In questo senso, quindi, deve partire da me la voglia di appassionarmi a questo sport perché questa è una cosa che nessuno mai ti potrà dare e che nessuno mi potrà mai insegnare.

 Da parte di mio papà c’è sempre stata la libertà di essere quello che volevo e che mi ha permesso di esprimermi nel calcio, ma di non dare nulla per scontato. Quando vuoi raggiungere un obiettivo devi sudartelo e guadagnartelo. Parlando con lui ho capito che a volte il valore della famiglia è decisivo, in alcuni momenti diventa cruciale, avere qualcuno che ti sostiene.  In questi giorni stiamo assistendo ad un vero e proprio spettacolo: Sinner che diventa campione per la prima volta in un grande Slam.
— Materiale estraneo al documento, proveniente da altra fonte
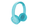 Kufje pa tela Trust NOUNA Kids, Bluetooth, limit volum 85 dB, të kaltra
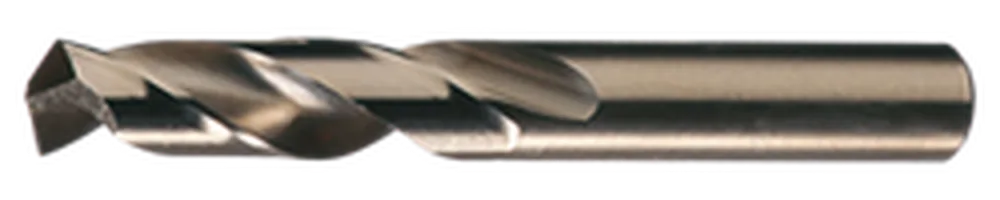 Chicago Latrobe 50852 Cobalt Straw Finish Stub Drill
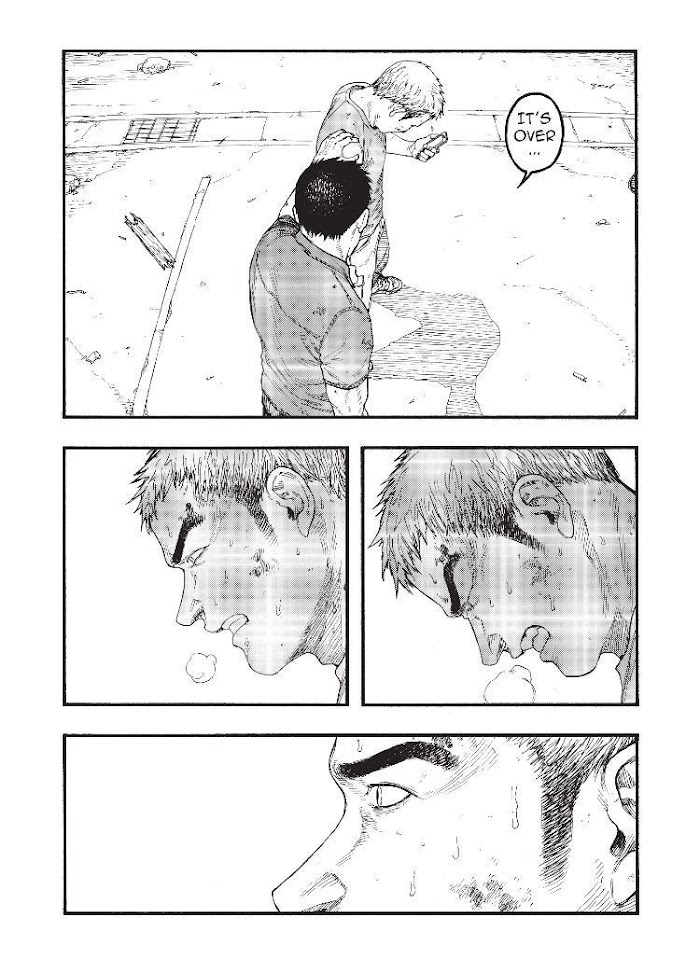 Ajin Chapter 83 image 17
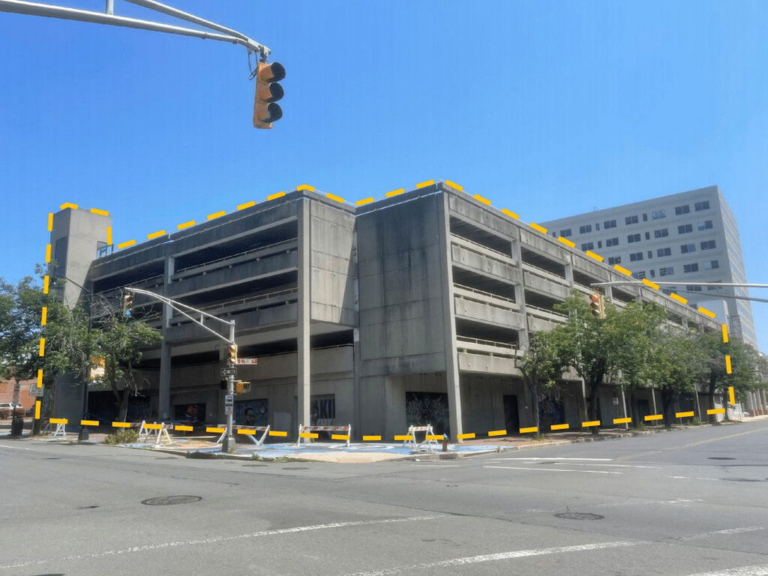Trenton Public Urged to Speak Up on Down and Out Parking Garage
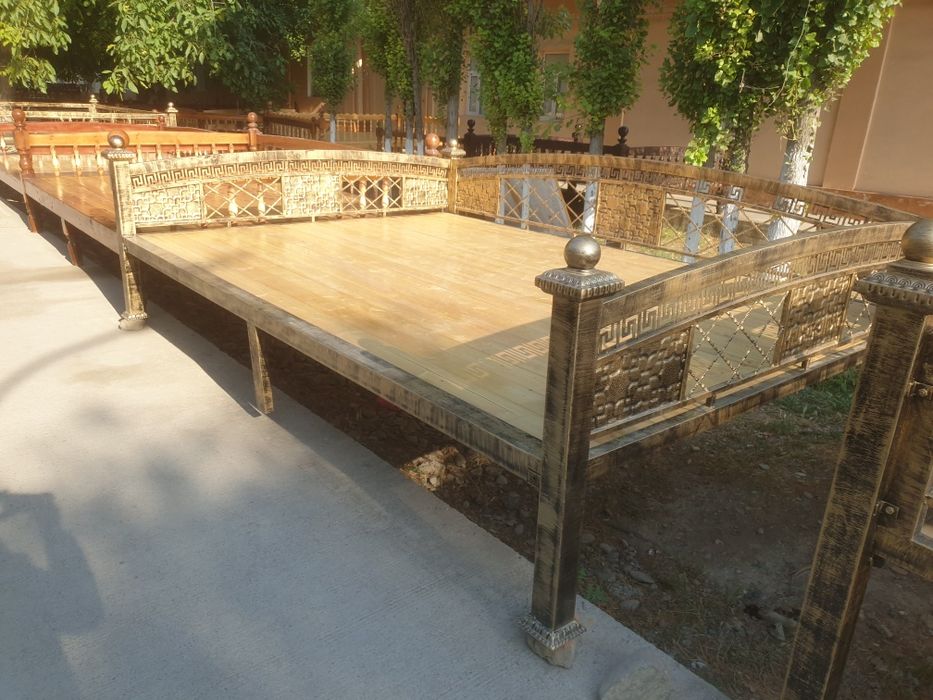 Jizzax karavat stol stul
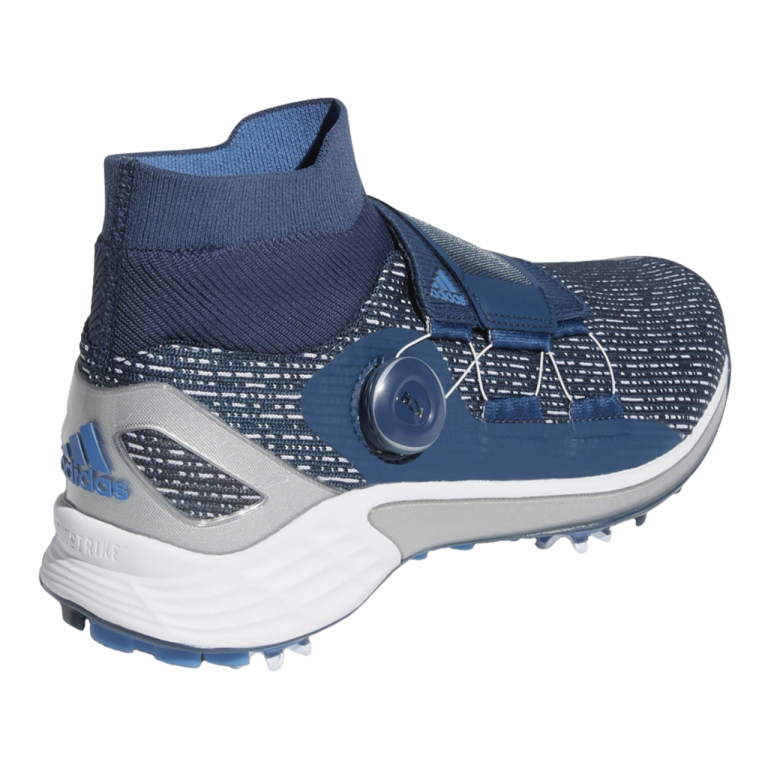 ADIDAS Men's ZG21 Motion BOA Golf Shoes - Image 6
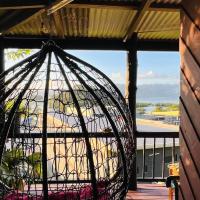 Bula Bliss Savusavu，位于萨武萨武Labasa Airport - LBS附近的酒店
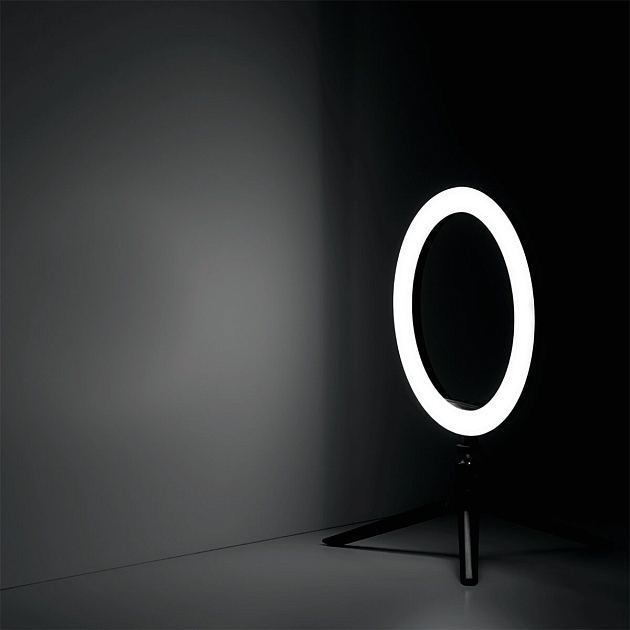 Кольцевой светодиодный светильник Gauss Ring Light RL002 изображение 15 Кольцевой светодиодный светильник Gauss Ring Light RL002 Фото № 15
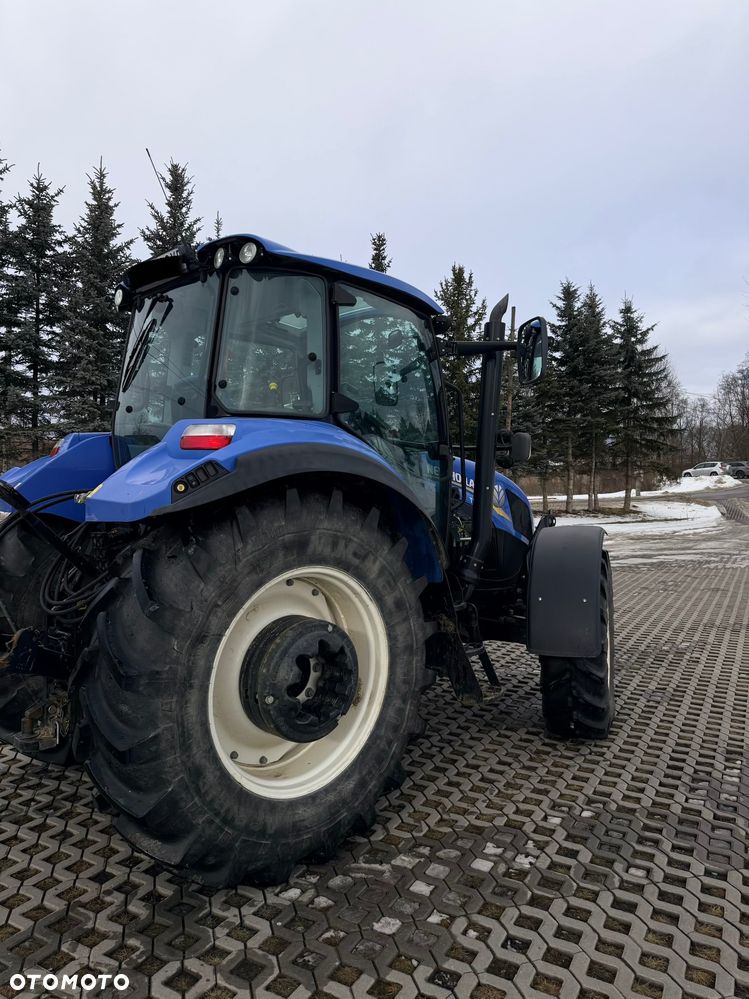 New Holland T5.105 - 4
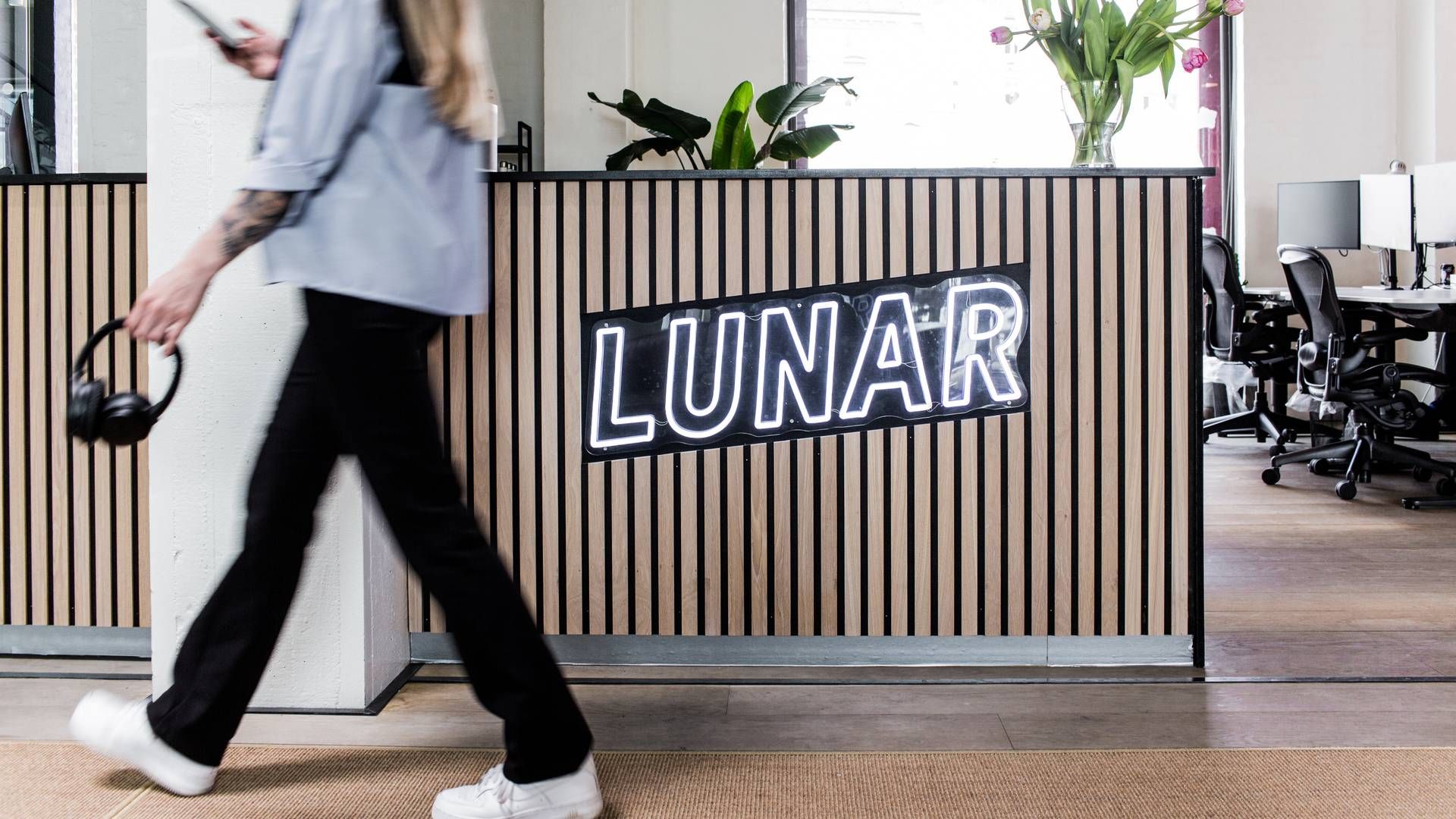 Lunar er havnet i problemer med sit opkøb af norske Instabank, som ikke ser ud til at falde på plads til en tidligere aftalt deadline. | Foto: PR/Lunar Bank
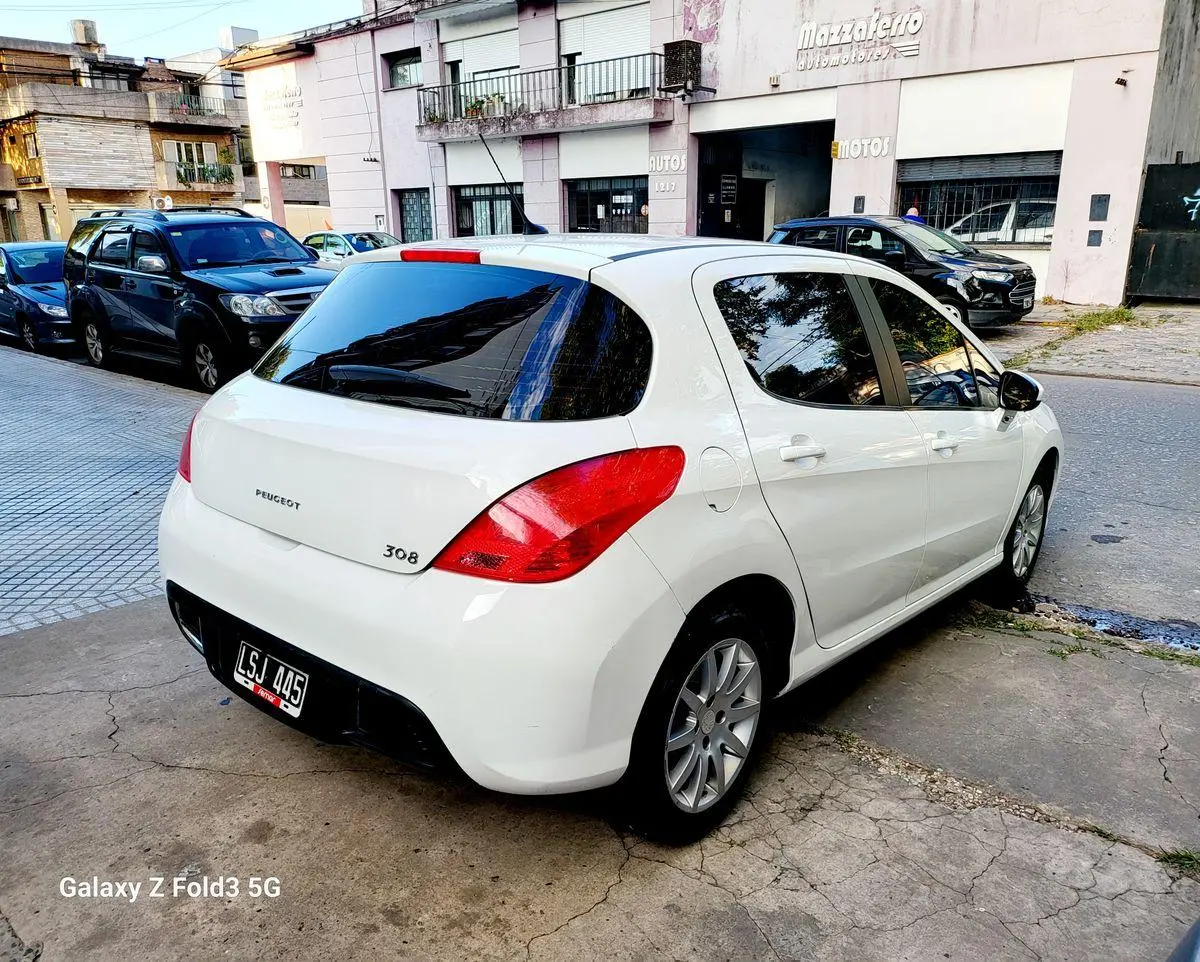 Peugeot 308 1.6 Active  2012 - foto 4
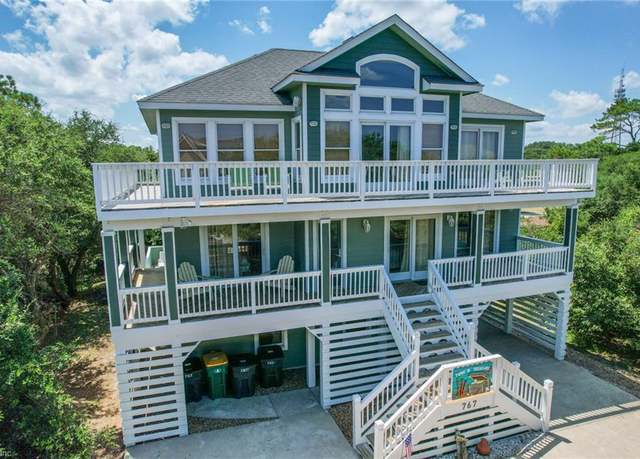 Property at 767 Gulfstream Ct, Corolla, NC 27927, 7 beds, 6.5 baths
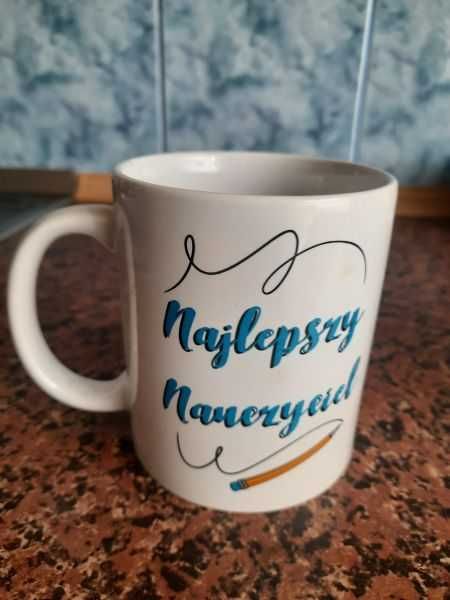 Kubek dla nauczyciela
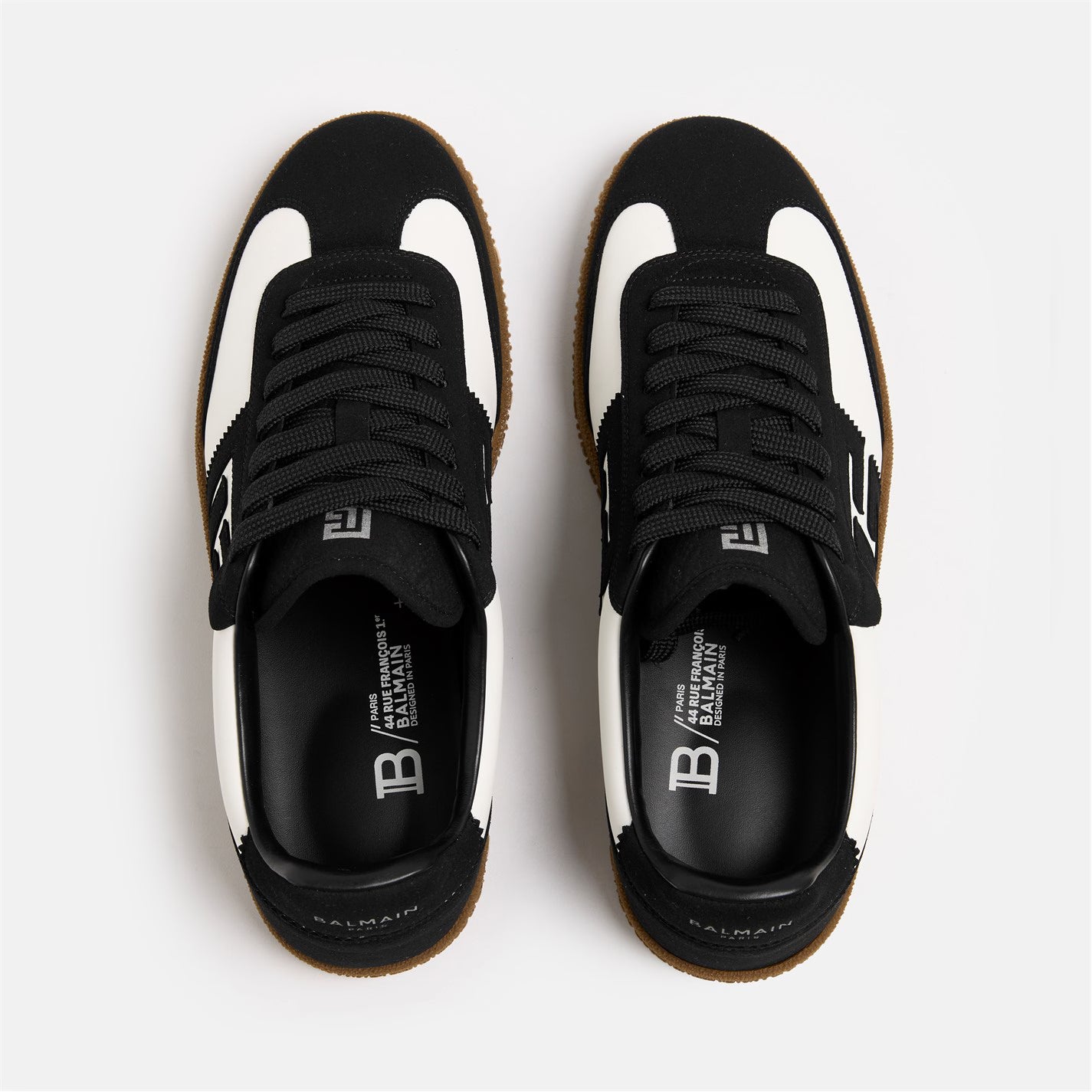 BALMAIN Men's Low Trainers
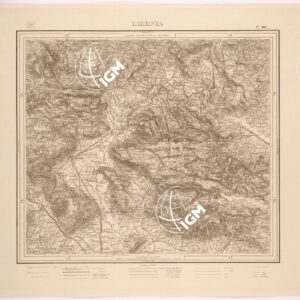 161 (ISERNIA) Anno: 1883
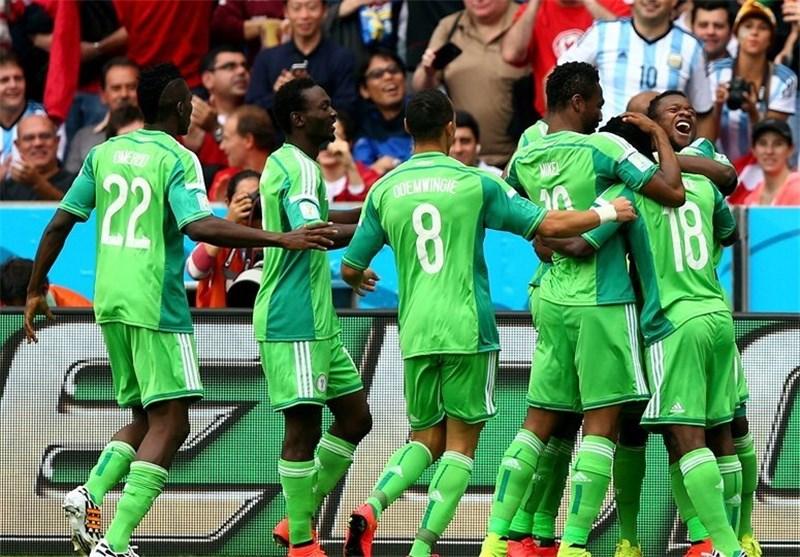 مقام سوم جام ملت های آفریقا به نیجریه رسید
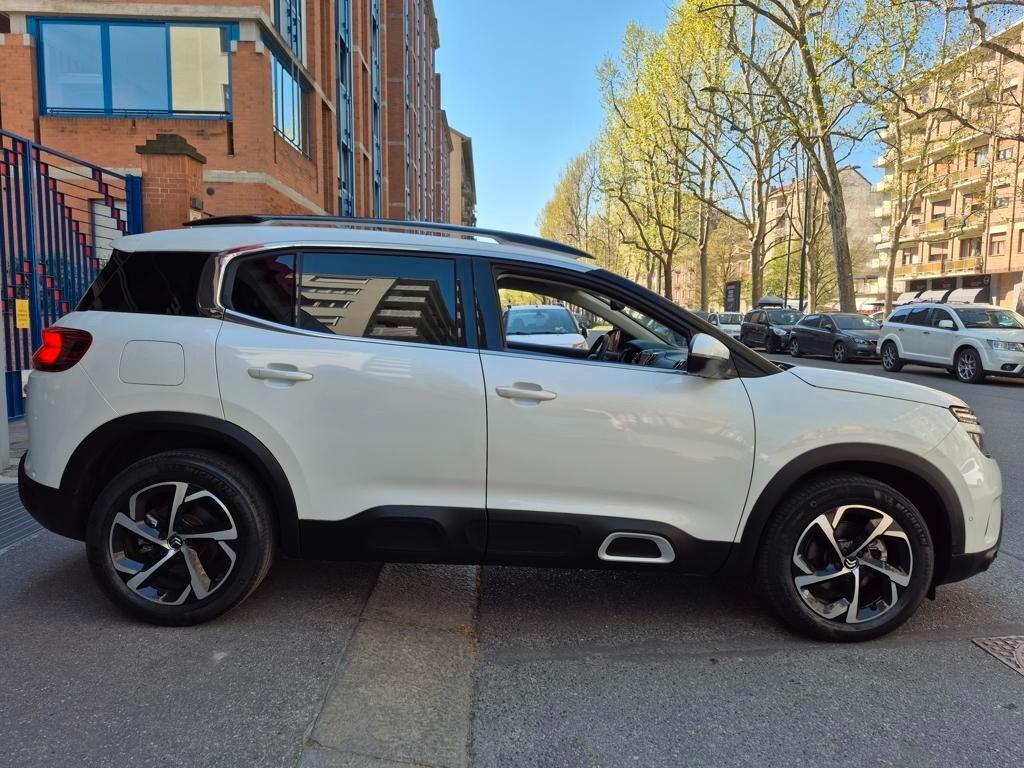 Citroen C5 Aircross PureTech 130 S&S EAT8 Feel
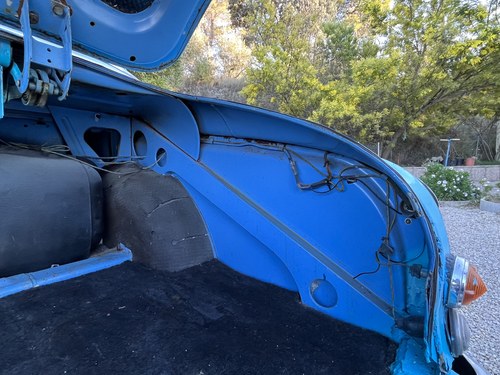 1956 Vauxhall Cresta For Sale (picture 31 of 61)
Nel discorso che ha fatto dopo la vittoria ringrazia la sua famiglia per averlo lasciato libero, per non averlo rinchiuso, se questo non fosse successo probabilmente non sarebbe dov’è adesso. Chi è disposto oggi a fare questi sacrifici? Mio padre, facendo un esempio del passato, nella sua prima esperienza da calciatore professionista, ad Arezzo, non avendo la macchina, faceva avanti e indietro in bicicletta dallo stadio. A causa delle prese in giro e dalla preoccupazione di tutta la società ha dovuto lavorare sodo per guadagnarsela. Sul conto non era una di quelle macchine lussuose che vediamo oggi utilizzate dai calciatori ma una Fiat Uno usata. Chi farebbe oggi questo?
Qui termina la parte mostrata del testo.